Work request - Exact copies of all the entries are needed.

Extracted records -
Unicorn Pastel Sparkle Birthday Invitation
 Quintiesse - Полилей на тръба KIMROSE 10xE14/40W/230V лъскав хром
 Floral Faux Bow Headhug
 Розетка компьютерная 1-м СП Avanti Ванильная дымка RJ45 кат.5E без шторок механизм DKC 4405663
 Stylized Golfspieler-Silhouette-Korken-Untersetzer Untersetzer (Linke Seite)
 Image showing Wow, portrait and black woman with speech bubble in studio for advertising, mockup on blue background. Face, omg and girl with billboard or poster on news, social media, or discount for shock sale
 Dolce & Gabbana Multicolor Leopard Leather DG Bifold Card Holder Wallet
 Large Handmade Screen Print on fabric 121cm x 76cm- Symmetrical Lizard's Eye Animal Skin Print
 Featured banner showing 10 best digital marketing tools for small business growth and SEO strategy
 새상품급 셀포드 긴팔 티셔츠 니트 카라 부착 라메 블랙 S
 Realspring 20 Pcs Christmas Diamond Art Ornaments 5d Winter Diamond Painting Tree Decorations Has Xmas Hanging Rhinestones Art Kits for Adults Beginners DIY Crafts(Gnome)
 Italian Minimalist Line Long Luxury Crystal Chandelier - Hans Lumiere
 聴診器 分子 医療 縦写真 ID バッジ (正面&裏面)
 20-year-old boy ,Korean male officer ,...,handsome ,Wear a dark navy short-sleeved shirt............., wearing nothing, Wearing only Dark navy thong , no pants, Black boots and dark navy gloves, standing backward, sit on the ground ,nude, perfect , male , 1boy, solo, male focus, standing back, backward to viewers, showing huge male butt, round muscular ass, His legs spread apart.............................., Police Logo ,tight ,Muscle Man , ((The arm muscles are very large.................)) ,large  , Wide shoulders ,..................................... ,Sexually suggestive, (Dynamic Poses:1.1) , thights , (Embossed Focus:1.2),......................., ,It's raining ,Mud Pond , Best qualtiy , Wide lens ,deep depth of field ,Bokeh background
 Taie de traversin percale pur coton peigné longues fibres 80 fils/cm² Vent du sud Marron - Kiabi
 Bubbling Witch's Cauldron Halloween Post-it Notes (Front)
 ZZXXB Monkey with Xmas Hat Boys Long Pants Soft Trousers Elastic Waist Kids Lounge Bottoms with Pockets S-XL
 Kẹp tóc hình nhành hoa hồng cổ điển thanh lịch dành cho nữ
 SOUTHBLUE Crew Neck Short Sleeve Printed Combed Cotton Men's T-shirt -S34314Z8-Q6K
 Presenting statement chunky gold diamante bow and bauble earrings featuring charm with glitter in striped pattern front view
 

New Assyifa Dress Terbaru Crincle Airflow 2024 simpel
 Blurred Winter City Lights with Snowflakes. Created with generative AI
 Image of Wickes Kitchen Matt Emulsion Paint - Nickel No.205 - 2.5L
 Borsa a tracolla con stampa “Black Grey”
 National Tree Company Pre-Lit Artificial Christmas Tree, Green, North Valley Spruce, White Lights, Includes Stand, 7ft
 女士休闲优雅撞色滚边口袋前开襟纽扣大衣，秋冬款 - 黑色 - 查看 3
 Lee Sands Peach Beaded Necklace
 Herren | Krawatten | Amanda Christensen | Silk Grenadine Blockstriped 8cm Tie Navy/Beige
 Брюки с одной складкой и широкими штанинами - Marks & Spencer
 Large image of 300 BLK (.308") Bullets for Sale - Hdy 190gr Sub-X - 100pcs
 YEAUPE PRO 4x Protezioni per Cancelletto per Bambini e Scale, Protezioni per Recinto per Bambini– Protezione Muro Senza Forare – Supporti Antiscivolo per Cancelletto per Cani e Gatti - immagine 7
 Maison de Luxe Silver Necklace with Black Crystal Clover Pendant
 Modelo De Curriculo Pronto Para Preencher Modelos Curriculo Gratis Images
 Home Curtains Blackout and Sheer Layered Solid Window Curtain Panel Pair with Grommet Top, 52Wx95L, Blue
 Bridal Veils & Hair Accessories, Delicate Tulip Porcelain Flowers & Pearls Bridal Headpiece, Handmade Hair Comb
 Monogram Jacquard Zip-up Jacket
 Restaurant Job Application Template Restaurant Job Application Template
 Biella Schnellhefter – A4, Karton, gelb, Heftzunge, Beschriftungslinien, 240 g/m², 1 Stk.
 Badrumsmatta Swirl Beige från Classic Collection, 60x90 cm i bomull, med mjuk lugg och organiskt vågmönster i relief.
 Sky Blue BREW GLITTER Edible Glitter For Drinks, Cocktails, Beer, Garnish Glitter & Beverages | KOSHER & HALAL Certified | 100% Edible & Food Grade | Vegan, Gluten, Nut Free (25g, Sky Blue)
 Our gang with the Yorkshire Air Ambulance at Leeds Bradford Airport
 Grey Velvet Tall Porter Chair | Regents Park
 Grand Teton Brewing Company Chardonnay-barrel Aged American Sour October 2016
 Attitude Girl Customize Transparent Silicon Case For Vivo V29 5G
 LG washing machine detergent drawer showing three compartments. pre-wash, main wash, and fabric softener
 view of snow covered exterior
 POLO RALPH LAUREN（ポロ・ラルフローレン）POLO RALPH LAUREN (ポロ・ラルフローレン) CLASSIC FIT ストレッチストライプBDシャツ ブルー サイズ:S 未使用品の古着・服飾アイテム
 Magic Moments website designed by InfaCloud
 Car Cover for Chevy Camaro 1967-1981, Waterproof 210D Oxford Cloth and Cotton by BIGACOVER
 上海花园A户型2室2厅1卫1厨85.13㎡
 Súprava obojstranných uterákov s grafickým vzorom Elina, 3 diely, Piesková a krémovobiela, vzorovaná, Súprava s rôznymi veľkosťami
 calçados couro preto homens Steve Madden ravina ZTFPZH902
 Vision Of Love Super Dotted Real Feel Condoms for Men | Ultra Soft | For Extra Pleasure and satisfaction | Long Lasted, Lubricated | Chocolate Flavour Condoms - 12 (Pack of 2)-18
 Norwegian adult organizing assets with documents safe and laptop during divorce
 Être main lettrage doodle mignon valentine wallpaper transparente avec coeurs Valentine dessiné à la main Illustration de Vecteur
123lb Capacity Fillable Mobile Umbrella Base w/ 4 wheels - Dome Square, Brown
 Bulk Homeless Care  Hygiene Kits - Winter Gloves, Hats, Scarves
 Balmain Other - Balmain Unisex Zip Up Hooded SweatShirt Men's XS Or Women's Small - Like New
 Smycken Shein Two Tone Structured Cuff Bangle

Answer to the problem -
Unicorn Pastel Sparkle Birthday Invitation
 Quintiesse - Полилей на тръба KIMROSE 10xE14/40W/230V лъскав хром
 Floral Faux Bow Headhug
 Розетка компьютерная 1-м СП Avanti Ванильная дымка RJ45 кат.5E без шторок механизм DKC 4405663
 Stylized Golfspieler-Silhouette-Korken-Untersetzer Untersetzer (Linke Seite)
 Image showing Wow, portrait and black woman with speech bubble in studio for advertising, mockup on blue background. Face, omg and girl with billboard or poster on news, social media, or discount for shock sale
 Dolce & Gabbana Multicolor Leopard Leather DG Bifold Card Holder Wallet
 Large Handmade Screen Print on fabric 121cm x 76cm- Symmetrical Lizard's Eye Animal Skin Print
 Featured banner showing 10 best digital marketing tools for small business growth and SEO strategy
 새상품급 셀포드 긴팔 티셔츠 니트 카라 부착 라메 블랙 S
 Realspring 20 Pcs Christmas Diamond Art Ornaments 5d Winter Diamond Painting Tree Decorations Has Xmas Hanging Rhinestones Art Kits for Adults Beginners DIY Crafts(Gnome)
 Italian Minimalist Line Long Luxury Crystal Chandelier - Hans Lumiere
 聴診器 分子 医療 縦写真 ID バッジ (正面&裏面)
 20-year-old boy ,Korean male officer ,...,handsome ,Wear a dark navy short-sleeved shirt............., wearing nothing, Wearing only Dark navy thong , no pants, Black boots and dark navy gloves, standing backward, sit on the ground ,nude, perfect , male , 1boy, solo, male focus, standing back, backward to viewers, showing huge male butt, round muscular ass, His legs spread apart.............................., Police Logo ,tight ,Muscle Man , ((The arm muscles are very large.................)) ,large  , Wide shoulders ,..................................... ,Sexually suggestive, (Dynamic Poses:1.1) , thights , (Embossed Focus:1.2),......................., ,It's raining ,Mud Pond , Best qualtiy , Wide lens ,deep depth of field ,Bokeh background
 Taie de traversin percale pur coton peigné longues fibres 80 fils/cm² Vent du sud Marron - Kiabi
 Bubbling Witch's Cauldron Halloween Post-it Notes (Front)
 ZZXXB Monkey with Xmas Hat Boys Long Pants Soft Trousers Elastic Waist Kids Lounge Bottoms with Pockets S-XL
 Kẹp tóc hình nhành hoa hồng cổ điển thanh lịch dành cho nữ
 SOUTHBLUE Crew Neck Short Sleeve Printed Combed Cotton Men's T-shirt -S34314Z8-Q6K
 Presenting statement chunky gold diamante bow and bauble earrings featuring charm with glitter in striped pattern front view
 

New Assyifa Dress Terbaru Crincle Airflow 2024 simpel
 Blurred Winter City Lights with Snowflakes. Created with generative AI
 Image of Wickes Kitchen Matt Emulsion Paint - Nickel No.205 - 2.5L
 Borsa a tracolla con stampa “Black Grey”
 National Tree Company Pre-Lit Artificial Christmas Tree, Green, North Valley Spruce, White Lights, Includes Stand, 7ft
 女士休闲优雅撞色滚边口袋前开襟纽扣大衣，秋冬款 - 黑色 - 查看 3
 Lee Sands Peach Beaded Necklace
 Herren | Krawatten | Amanda Christensen | Silk Grenadine Blockstriped 8cm Tie Navy/Beige
 Брюки с одной складкой и широкими штанинами - Marks & Spencer
 Large image of 300 BLK (.308") Bullets for Sale - Hdy 190gr Sub-X - 100pcs
 YEAUPE PRO 4x Protezioni per Cancelletto per Bambini e Scale, Protezioni per Recinto per Bambini– Protezione Muro Senza Forare – Supporti Antiscivolo per Cancelletto per Cani e Gatti - immagine 7
 Maison de Luxe Silver Necklace with Black Crystal Clover Pendant
 Modelo De Curriculo Pronto Para Preencher Modelos Curriculo Gratis Images
 Home Curtains Blackout and Sheer Layered Solid Window Curtain Panel Pair with Grommet Top, 52Wx95L, Blue
 Bridal Veils & Hair Accessories, Delicate Tulip Porcelain Flowers & Pearls Bridal Headpiece, Handmade Hair Comb
 Monogram Jacquard Zip-up Jacket
 Restaurant Job Application Template Restaurant Job Application Template
 Biella Schnellhefter – A4, Karton, gelb, Heftzunge, Beschriftungslinien, 240 g/m², 1 Stk.
 Badrumsmatta Swirl Beige från Classic Collection, 60x90 cm i bomull, med mjuk lugg och organiskt vågmönster i relief.
 Sky Blue BREW GLITTER Edible Glitter For Drinks, Cocktails, Beer, Garnish Glitter & Beverages | KOSHER & HALAL Certified | 100% Edible & Food Grade | Vegan, Gluten, Nut Free (25g, Sky Blue)
 Our gang with the Yorkshire Air Ambulance at Leeds Bradford Airport
 Grey Velvet Tall Porter Chair | Regents Park
 Grand Teton Brewing Company Chardonnay-barrel Aged American Sour October 2016
 Attitude Girl Customize Transparent Silicon Case For Vivo V29 5G
 LG washing machine detergent drawer showing three compartments. pre-wash, main wash, and fabric softener
 view of snow covered exterior
 POLO RALPH LAUREN（ポロ・ラルフローレン）POLO RALPH LAUREN (ポロ・ラルフローレン) CLASSIC FIT ストレッチストライプBDシャツ ブルー サイズ:S 未使用品の古着・服飾アイテム
 Magic Moments website designed by InfaCloud
 Car Cover for Chevy Camaro 1967-1981, Waterproof 210D Oxford Cloth and Cotton by BIGACOVER
 上海花园A户型2室2厅1卫1厨85.13㎡
 Súprava obojstranných uterákov s grafickým vzorom Elina, 3 diely, Piesková a krémovobiela, vzorovaná, Súprava s rôznymi veľkosťami
 calçados couro preto homens Steve Madden ravina ZTFPZH902
 Vision Of Love Super Dotted Real Feel Condoms for Men | Ultra Soft | For Extra Pleasure and satisfaction | Long Lasted, Lubricated | Chocolate Flavour Condoms - 12 (Pack of 2)-18
 Norwegian adult organizing assets with documents safe and laptop during divorce
 Être main lettrage doodle mignon valentine wallpaper transparente avec coeurs Valentine dessiné à la main Illustration de Vecteur
123lb Capacity Fillable Mobile Umbrella Base w/ 4 wheels - Dome Square, Brown
 Bulk Homeless Care  Hygiene Kits - Winter Gloves, Hats, Scarves
 Balmain Other - Balmain Unisex Zip Up Hooded SweatShirt Men's XS Or Women's Small - Like New
 Smycken Shein Two Tone Structured Cuff Bangle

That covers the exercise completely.